# New to this



## fishninmysoul (Jan 30, 2013)

I have a couple of questions about freshwater fishing. One, what's the easiest way to see if a pond where I live is holding any kind of fish, even if they are bream. Two, do these dough baits work on them? I'm new to freshwater fishing and would appreciate any info on this matter.

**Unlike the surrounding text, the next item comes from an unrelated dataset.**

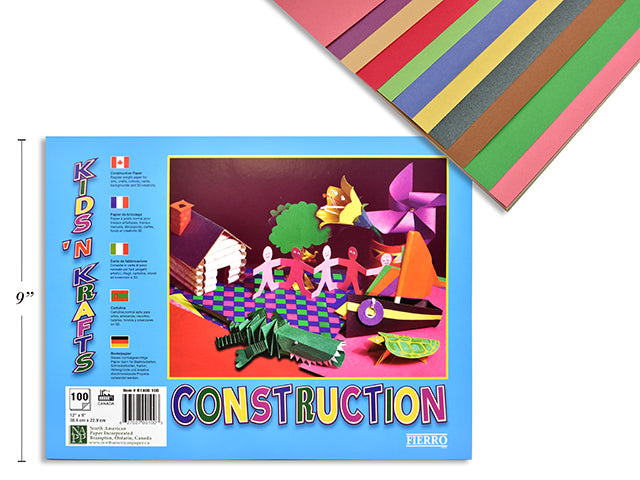 Carton of 24 Construction Paper Pad 100 Sheets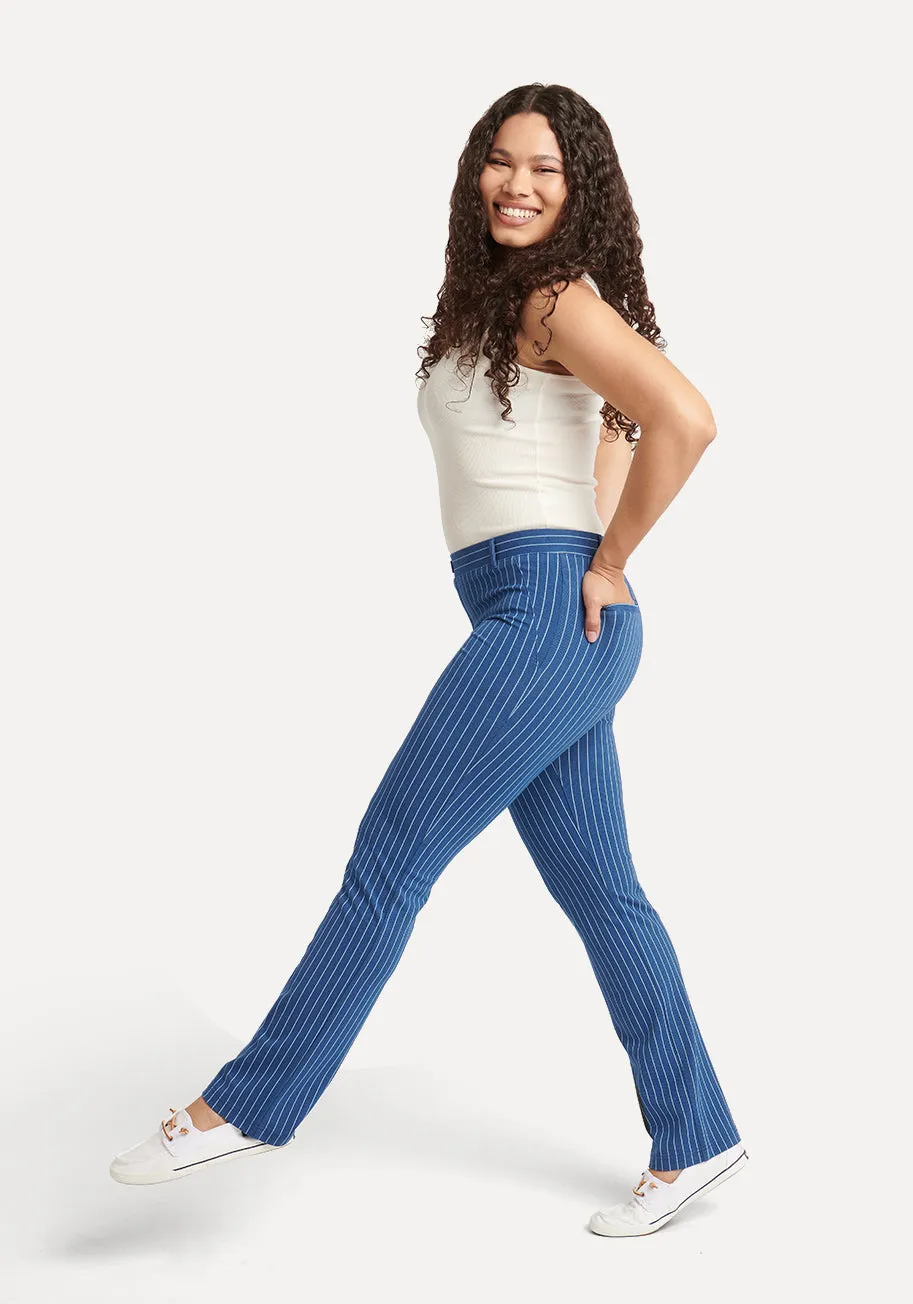 Straight Leg | Two-Pocket Straight-Leg Dress Pant Yoga Pants (Aegean Pinstripe) sold by Betabrand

I might as well take advantage of the water that's around me when I can't make it to the sand.


----------



## deeptracks (Oct 2, 2007)

get you some wigglers and can pole and put it out there for starters....throw some cat food out in the water, etc, etc


----------



## missplaced_idahoan (Feb 2, 2013)

just about everything in freshwater will eat nightcrawlersgo toss one out on a bobber 4-6 ft from the surface if theres bream or just about any other panfish you should find out. and if that doesnt work try a nightcrawler on bottom, that should get the attention of any ctfish that might be there. and if there are any critters (frogs mice lizards crawfish or bugs) that are thick in that area find something to imitate them, or if law allows catch some and use them for bait.


----------



## missplaced_idahoan (Feb 2, 2013)

and ive never had any luck with dough baits, they just make a big mess. night crawlers, crickets, grasshoppers, and crawdads were usually my go to baits for freshwater. cuz im cheap and dont like to buy bait and those are all pretty easy critters to come by.


----------